Christos Chomenidis revient sur un moment de ce désordre temporel à travers un personnage, Paraskevas Kerkinos, inspiré du poète Angélos Sikélianos, figure du premier XXe siècle grec. Infidèle à la biographie, le roman collisionne tout : le jeune Kerkinos grandit dans une famille de bergers arvanites (locuteurs d’une forme d’albanais médiéval) dans l’Eleusis du début 1900. Sa sœur fréquente Isadora Duncan et lui fait rencontrer Ivy, richissime américaine tirée de l’intellectuelle et esthète Eva Palmer qui vivait à l’antique dans l’Attique de 1910. Ils font beaucoup l’amour et de nombreux voyages, s’enfuient pour échapper au clan guerrier du poète, tentent de recréer la Grèce d’Alicibiade aux États-Unis, offrent une grande lecture de poésie grecque à Coney Island face à des masses médusées, reviennent en Grèce pour finalement tenter d’organiser une fête à Delphes.

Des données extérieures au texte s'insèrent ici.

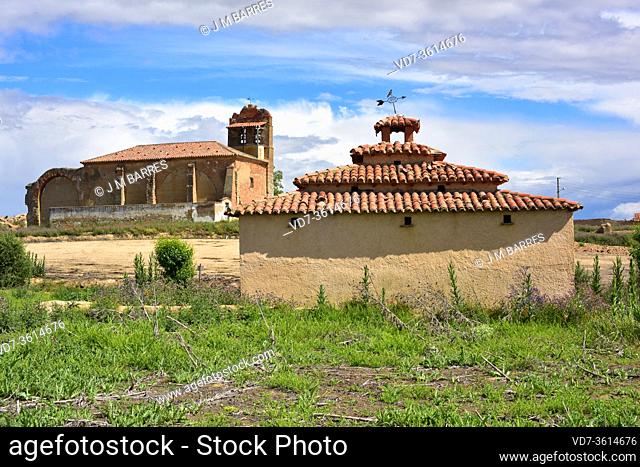 Otero de Sariegos old church and pigeon house. Villafafila municipality, Zamora province, Castilla y Leon, Spain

Ce festival delphique où culmine le roman évoque, de loin et de près, l’expérience tentée par le couple Sikelianos-Palmer d’un festival réconciliant les différents aspects de l’histoire grecque. Le héros, tout entier possédé par son désir d’abolir la société bourgeoise, s’ingénie à faire disparaître la frontière entre la représentation et la vie, mobilise des musiciens populaires aussi bien que la Neuvième de Beethoven. Il espère très fort que des bandits montagnards surgiront ou que l’ensemble se terminera en orgie. Sur tout cet épisode, célébrissime en Grèce, Chomenidis porte un regard tendre et ironique, les grands plans se heurtant au joyeux prosaïsme d’Athéniens à la fois sidérés et indifférents au sublime poète. Ces pages raviront les amateurs de festivals culturels, dont la fête delphique de 1927 semble la matrice : du côté des organisateurs, un discours maximaliste sur l’art supposé révolutionner la société ; du côté des spectateurs, une soirée mondaine ponctuée de micro chocs esthétiques. Parenthèse : vingt ans plus tard, un autre Grec, Christian Zervos, suggérait à Jean Vilar de monter un petit festival de théâtre dans une ville du sud de la France.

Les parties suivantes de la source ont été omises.